◆ What is needed ◆
Please copy out the full listing that follows exactly; no picture belongs in the copy.

◆ Information provided ◆
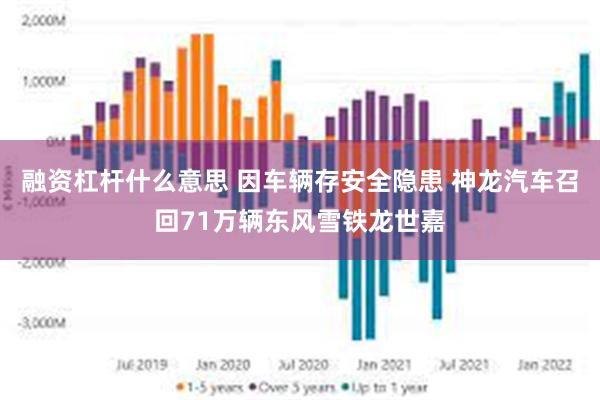 融资杠杆什么意思 因车辆存安全隐患 神龙汽车召回71万辆东风雪铁龙世嘉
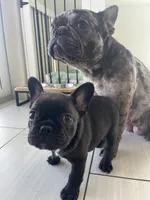 Nova, a female French Bulldog for sale in Orlando, FL – Photo 5 of 5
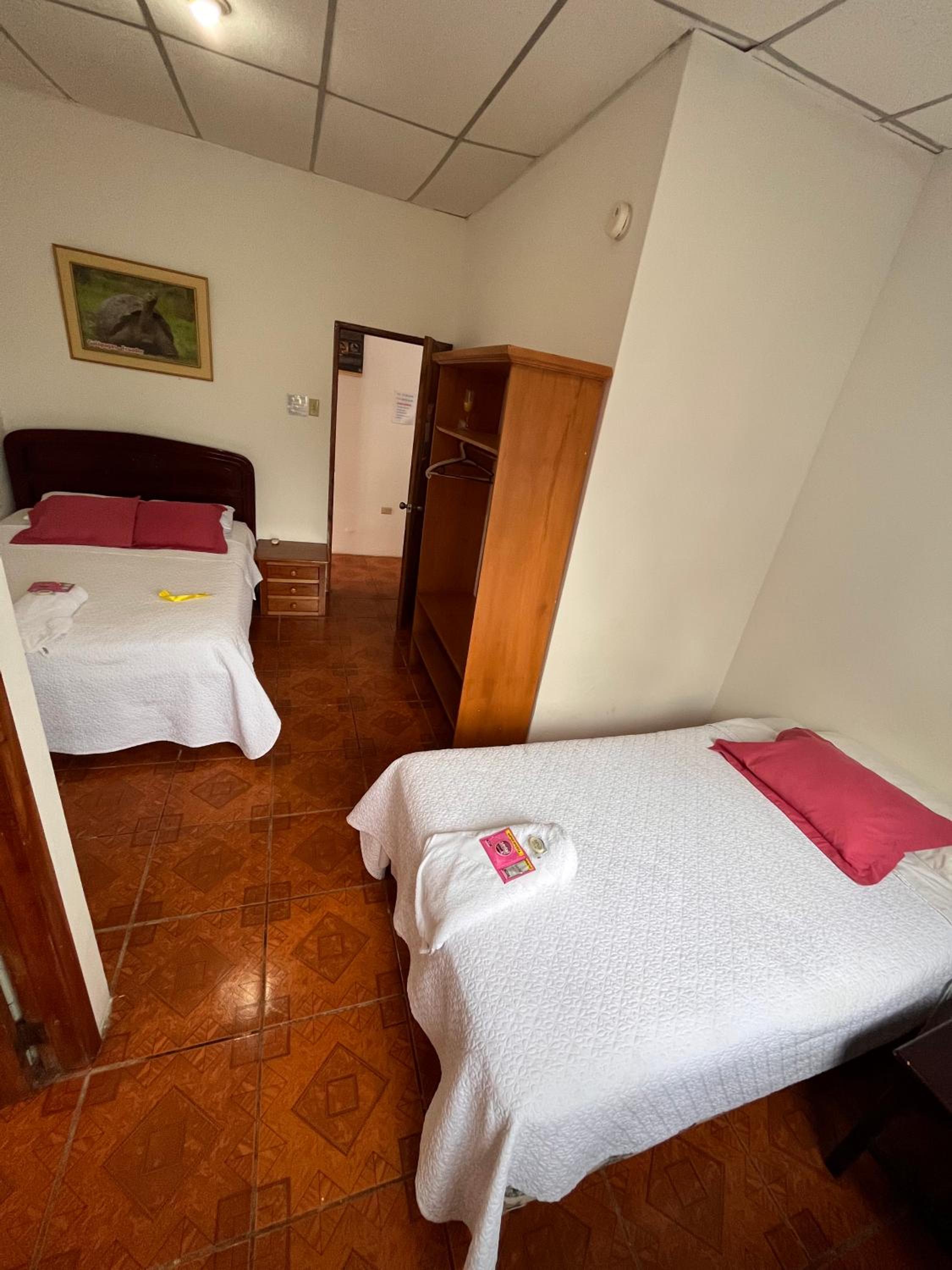 Las Gardenias Hostel - Starlink Internet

◆ Reply to the exercise ◆
 融资杠杆什么意思 因车辆存安全隐患 神龙汽车召回71万辆东风雪铁龙世嘉
 Nova, a female French Bulldog for sale in Orlando, FL – Photo 5 of 5
 Las Gardenias Hostel - Starlink Internet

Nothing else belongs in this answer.